= John Henry Hopkins Jr. =

American journalist

John Henry Hopkins Jr. (October 28, 1820 – August 14, 1891) was an American clergyman and hymnodist, most famous for composing the song "We Three Kings of Orient Are" in 1857 (even though it does not appear in print until his Carols, Hymns, and Songs in 1863).

==Life==
Hopkins was born in Pittsburgh, Pennsylvania, the son of John Henry Hopkins, an Episcopal bishop. Hopkins graduated from the University of Vermont with an A.B. in 1839, and then a Master's Degree in 1845. After a stint as a journalist, he graduated from the General Theological Seminary in 1850, and became a deacon, author, illustrator, and designer. He was the seminary's first music teacher from 1855 to 1857, composed several hymns, and edited the Church Journal.

He wrote words and music to his most famous hymn, "We Three Kings", as part of a Christmas pageant for his nieces and nephews. It is suggested to have been written in 1857 but did not appear in print until his Carols, Hymns, and Songs in 1863.

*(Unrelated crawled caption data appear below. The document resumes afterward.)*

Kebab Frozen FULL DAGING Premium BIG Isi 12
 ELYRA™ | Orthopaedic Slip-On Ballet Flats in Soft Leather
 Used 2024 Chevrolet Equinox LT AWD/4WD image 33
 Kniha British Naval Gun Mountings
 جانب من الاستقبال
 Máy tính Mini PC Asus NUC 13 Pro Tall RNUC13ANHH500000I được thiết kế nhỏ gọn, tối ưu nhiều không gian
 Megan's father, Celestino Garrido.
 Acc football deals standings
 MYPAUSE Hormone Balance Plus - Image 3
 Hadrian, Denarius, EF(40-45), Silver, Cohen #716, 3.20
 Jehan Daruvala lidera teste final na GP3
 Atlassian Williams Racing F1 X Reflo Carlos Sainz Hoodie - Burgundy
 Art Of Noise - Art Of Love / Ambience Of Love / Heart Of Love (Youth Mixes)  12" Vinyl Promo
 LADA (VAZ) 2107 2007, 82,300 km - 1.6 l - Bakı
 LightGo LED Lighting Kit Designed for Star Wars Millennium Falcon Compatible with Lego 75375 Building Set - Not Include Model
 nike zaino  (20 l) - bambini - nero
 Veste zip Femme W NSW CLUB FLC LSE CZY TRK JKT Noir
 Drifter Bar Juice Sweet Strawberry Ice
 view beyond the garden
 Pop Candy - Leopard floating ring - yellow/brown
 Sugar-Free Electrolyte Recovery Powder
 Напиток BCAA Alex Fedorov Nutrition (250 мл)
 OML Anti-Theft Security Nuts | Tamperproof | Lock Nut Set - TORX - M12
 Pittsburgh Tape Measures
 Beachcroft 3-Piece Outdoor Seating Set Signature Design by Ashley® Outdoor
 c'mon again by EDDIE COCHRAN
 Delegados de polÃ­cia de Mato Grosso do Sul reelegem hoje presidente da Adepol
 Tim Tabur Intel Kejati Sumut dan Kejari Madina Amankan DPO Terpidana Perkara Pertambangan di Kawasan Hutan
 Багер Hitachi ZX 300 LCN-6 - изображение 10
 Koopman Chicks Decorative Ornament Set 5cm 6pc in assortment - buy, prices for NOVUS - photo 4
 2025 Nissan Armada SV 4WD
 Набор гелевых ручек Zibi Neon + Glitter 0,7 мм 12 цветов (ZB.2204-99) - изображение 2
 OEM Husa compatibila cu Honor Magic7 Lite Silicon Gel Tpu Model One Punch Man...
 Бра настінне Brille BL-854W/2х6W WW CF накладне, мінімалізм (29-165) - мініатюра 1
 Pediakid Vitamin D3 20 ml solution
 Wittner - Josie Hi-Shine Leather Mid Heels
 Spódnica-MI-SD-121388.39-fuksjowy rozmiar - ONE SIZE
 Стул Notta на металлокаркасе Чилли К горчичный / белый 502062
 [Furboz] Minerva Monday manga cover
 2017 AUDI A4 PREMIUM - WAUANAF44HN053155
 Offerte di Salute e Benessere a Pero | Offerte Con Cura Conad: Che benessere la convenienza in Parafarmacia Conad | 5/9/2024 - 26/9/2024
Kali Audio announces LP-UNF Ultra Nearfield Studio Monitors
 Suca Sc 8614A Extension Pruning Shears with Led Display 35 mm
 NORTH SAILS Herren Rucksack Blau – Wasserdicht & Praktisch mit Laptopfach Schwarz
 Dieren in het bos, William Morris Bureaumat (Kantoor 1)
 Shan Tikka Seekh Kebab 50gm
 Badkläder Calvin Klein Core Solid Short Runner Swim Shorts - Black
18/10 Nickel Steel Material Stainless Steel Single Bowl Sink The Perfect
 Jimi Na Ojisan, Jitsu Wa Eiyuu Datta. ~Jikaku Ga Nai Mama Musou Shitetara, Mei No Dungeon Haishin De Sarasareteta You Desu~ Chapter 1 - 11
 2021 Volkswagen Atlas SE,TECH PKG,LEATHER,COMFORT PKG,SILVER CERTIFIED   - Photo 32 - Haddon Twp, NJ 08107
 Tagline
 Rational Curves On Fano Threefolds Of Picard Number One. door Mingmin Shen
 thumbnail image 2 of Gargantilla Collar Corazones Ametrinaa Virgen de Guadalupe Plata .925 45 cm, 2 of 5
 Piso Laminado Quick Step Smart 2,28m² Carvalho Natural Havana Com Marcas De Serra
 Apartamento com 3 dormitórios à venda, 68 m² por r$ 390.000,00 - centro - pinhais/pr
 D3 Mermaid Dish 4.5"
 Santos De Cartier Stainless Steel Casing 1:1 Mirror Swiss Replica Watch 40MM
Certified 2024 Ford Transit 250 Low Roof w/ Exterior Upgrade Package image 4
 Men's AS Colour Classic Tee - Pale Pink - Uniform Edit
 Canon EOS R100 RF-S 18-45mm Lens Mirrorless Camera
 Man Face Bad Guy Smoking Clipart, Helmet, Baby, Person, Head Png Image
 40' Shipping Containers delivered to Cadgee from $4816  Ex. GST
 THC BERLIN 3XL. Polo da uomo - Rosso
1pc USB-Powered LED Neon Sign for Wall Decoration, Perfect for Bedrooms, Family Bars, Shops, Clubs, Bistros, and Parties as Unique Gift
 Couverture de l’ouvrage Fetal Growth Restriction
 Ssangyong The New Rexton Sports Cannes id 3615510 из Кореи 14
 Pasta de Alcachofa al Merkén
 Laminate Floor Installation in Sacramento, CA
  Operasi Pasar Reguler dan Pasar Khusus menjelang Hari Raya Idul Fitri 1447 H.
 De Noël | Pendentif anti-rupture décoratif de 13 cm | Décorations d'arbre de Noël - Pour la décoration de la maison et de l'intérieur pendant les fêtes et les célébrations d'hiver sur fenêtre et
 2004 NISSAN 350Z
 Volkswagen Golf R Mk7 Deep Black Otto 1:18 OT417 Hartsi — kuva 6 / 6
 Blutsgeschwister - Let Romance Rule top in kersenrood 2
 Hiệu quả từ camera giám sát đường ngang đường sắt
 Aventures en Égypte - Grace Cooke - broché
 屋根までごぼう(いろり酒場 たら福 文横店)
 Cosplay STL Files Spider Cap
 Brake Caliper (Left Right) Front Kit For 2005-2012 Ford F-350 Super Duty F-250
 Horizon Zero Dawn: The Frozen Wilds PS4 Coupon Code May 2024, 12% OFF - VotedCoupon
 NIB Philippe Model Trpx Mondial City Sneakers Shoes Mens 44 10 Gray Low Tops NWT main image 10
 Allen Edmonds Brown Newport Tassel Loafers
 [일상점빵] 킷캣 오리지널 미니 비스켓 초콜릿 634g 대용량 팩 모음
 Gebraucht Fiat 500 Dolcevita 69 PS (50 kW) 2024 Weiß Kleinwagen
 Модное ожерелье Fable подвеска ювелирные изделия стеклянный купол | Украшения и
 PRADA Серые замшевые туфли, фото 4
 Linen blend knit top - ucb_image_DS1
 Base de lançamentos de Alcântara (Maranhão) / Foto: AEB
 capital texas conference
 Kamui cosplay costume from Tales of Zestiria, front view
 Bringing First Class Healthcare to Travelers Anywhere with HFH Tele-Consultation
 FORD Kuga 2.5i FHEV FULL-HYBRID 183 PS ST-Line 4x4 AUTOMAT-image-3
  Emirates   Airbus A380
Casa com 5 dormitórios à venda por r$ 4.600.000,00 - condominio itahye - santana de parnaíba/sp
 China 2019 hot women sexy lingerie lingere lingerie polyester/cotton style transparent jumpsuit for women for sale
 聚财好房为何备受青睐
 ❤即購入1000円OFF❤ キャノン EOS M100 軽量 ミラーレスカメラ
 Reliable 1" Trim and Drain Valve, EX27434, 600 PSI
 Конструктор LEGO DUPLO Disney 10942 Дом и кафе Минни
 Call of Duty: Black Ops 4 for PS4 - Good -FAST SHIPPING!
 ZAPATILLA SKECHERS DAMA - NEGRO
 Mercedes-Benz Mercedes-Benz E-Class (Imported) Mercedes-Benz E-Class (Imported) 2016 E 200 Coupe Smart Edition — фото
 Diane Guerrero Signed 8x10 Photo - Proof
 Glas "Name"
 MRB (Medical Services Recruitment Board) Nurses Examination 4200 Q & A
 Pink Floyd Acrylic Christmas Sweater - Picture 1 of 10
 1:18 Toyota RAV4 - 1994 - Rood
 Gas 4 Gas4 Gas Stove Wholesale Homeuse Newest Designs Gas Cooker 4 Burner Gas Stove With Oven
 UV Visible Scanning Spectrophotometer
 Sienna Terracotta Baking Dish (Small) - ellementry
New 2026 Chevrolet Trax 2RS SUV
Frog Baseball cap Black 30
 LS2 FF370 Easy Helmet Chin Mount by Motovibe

Hopkins served as rector of Trinity Church in Plattsburgh, New York from 1872 to 1876 and of Christ Episcopal Church in Williamsport, Pennsylvania from 1876 to 1887. He delivered the eulogy at the funeral of President Ulysses S. Grant in 1885, and died in Hudson, New York. He was buried next to his father at Bishop's House, Rock Point, Burlington, Vermont. Hopkins' nephew, Charles Filkins Sweet, wrote a biography of his uncle entitled A Champion of the Cross, Being the Life of John Henry Hopkins, S.T.D.

His nephew, John Henry Hopkins III, is credited with the music for "I Sing a Song of the Saints of God", a popular children's hymn in the Episcopal Church in America.